The real problem with this approach is that we don’t have any information whatsoever about why this has failed and in this specific scenario with no information about the constraint to report to users.

How would you do that if both operations are dependent on each other? I mean, they somehow have to be inside the same transaction to guarantee that we save at least one of them, right!?

BTW I see someone else suggesting the usage of savepoints, but I haven’t used those in Ecto before.
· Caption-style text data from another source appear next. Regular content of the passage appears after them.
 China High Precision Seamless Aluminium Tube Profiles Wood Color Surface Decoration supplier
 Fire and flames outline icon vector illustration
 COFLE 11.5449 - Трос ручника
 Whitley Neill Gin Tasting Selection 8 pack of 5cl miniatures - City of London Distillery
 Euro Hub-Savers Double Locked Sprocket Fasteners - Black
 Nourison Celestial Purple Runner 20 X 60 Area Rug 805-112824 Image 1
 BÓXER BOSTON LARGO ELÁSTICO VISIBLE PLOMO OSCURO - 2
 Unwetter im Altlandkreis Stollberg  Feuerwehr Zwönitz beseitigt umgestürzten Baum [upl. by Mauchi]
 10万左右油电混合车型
I’m not sure how would the fit in this scenario.

I wonder why you absolutely need to work with these “error” and “failure” tags in the DB and can’t instead log the error or show it to the user?
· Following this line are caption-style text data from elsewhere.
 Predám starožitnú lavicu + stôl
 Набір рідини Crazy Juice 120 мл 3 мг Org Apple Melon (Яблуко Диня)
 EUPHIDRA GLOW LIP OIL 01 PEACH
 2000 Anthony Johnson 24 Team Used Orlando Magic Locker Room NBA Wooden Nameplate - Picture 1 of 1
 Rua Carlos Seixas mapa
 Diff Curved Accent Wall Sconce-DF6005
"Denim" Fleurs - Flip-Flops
However, putting this aside, how about this:

  • write a “failure” tag before starting the transaction

Start the transaction:

  • insert the post, if insertion fails, roll back transaction
  • update the “failure” tag to be a “success” tag
  • commit

This way, if anything goes wrong with insertion, you’ll have a failure tag.
Wouldn’t this work?

Yes, this is absolutely required!

This flow would work, but I’d have to clean all “tags” not referencing “posts” in the DB at the end, which is an operation that could fail on its own and leave us with loose “tags”. Remember that the “tag” in this case, can only exist on two occasions: if a “post” is persisted and if a “post” has errors. It’s almost like a logging mechanism, if I create the log before and there’s nothing worth logging I have to remove it somehow.
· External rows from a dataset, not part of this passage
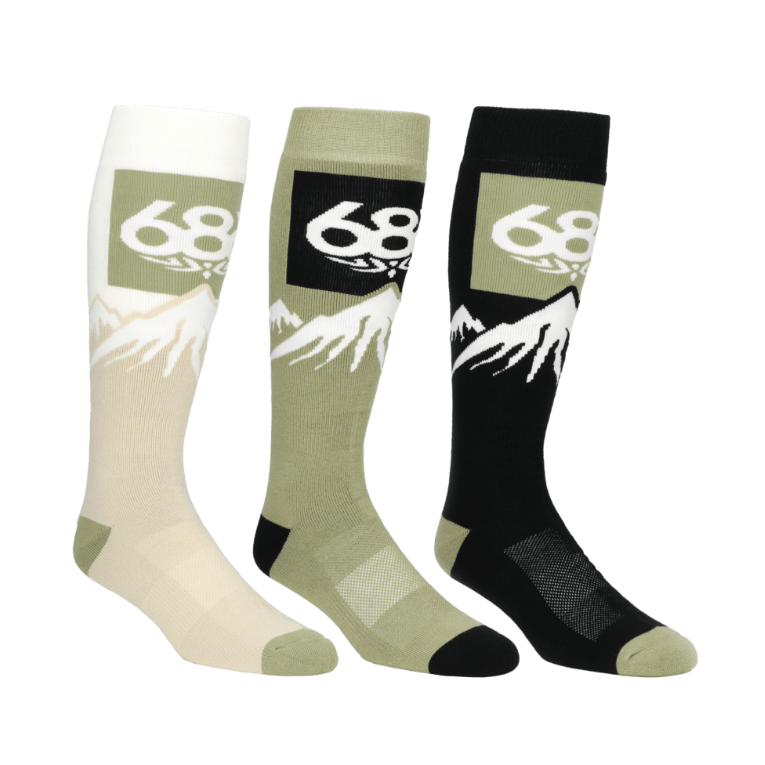 Snow Caps Socks - 3 Pack 25/26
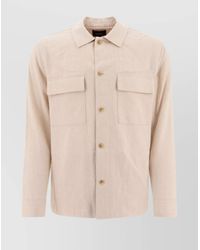 Vince - Linen Overshirt - Lyst
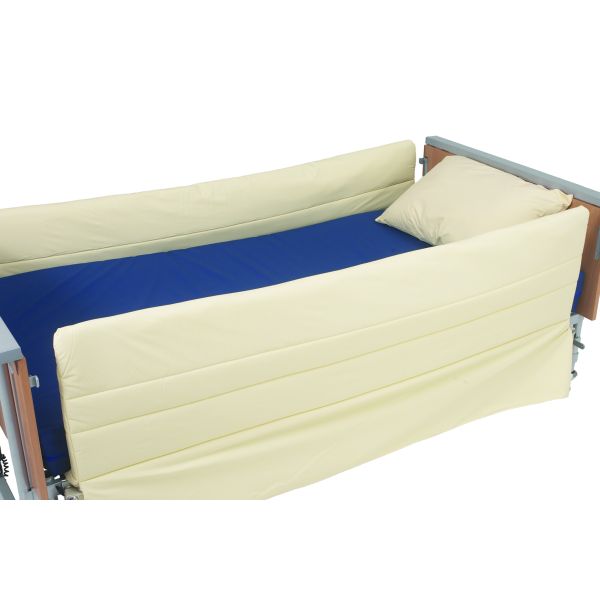 Bed Rail Entrapment Avoidance Quilted Cotside BumpersWipe Clean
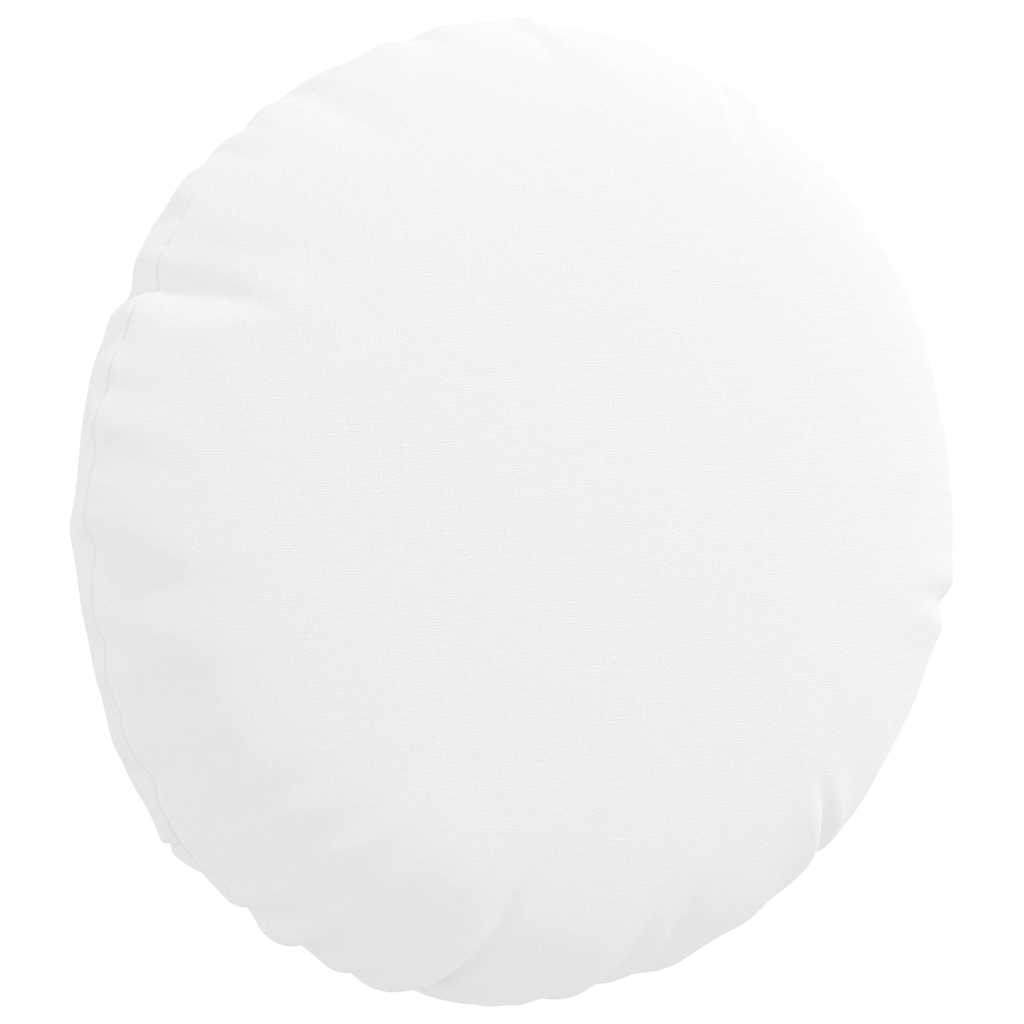 Μαξιλάρια καθισμάτων 2 pcs Λευκό Ø30 x 13 εκ ύφασμα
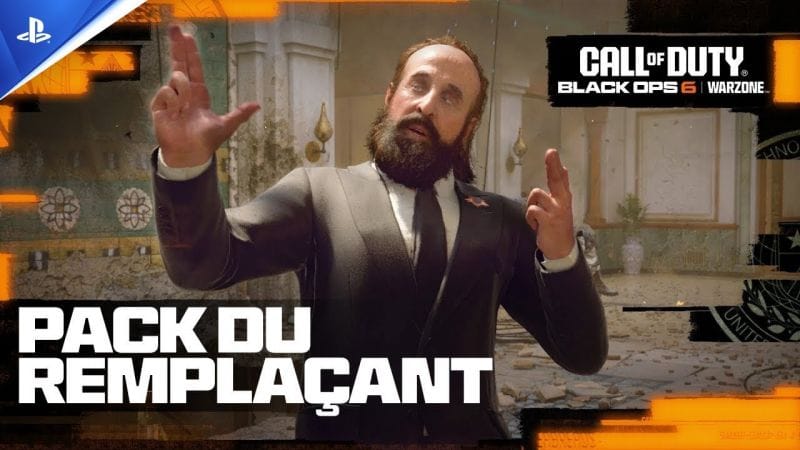 Call of Duty : Black Ops 6 & Warzone - Trailer du Pack du Remplaçant - VF | PS5, PS4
BTW, It seems someone else already had this exact same problem: How to not rollback transaction on failed insert because of unique constraint - #8 by benwilson512. I conducted some tests using one of the post’s suggestions and the savepoint feature seems to work without much effort. The only difference is that no additional match on the case was required:

Repo.transaction(fn repo ->   
  case repo.insert(changeset, mode: :savepoint) do
    {:ok, post} ->
      IO.inspect(post, label: "POST")

      tag
      |> Ecto.Changeset.change(%{name: "success"})
      |> repo.update!()

      {:error, changeset} ->
        IO.inspect(changeset, label: "CHANGESET")

        tag
        |> Ecto.Changeset.change(%{name: "failed"})
        |> repo.update!()
    end
end)

This returns the tuple with the changeset containing the constraint errors and commits the transaction as expected:

12:31:46.616 [debug] QUERY OK db=1.6ms queue=0.2ms
INSERT INTO "tags" VALUES (DEFAULT) RETURNING "id" []

12:31:46.620 [debug] QUERY OK db=1.5ms queue=0.1ms
INSERT INTO "posts" ("title") VALUES ($1) RETURNING "id" ["123"]

12:31:46.620 [debug] QUERY OK db=0.1ms
begin []

12:31:46.622 [debug] QUERY ERROR db=1.5ms
INSERT INTO "posts" ("title") VALUES ($1) RETURNING "id" ["123"]
CHANGESET: #Ecto.Changeset<
  action: :insert,
  changes: %{title: "123"},
  errors: [
    title: {"has already been taken",
     [constraint: :unique, constraint_name: "posts_title_index"]}
  ],
  data: #Post<>,
  valid?: false
>

12:31:46.624 [debug] QUERY OK db=0.2ms
UPDATE "tags" SET "name" = $1 WHERE "id" = $2 ["failed", 1]

12:31:46.626 [debug] QUERY OK db=1.8ms
commit []

What happens if an exception is thrown when using mode: :savepoint? For instance could this happen:
1. insert succeeds
2. update fails
3. transaction goes to savepoint directly before the update
4. transaction completes successfully

edit: i didn’t notice the savepoint is per statement and not on the transaction. pls ignore.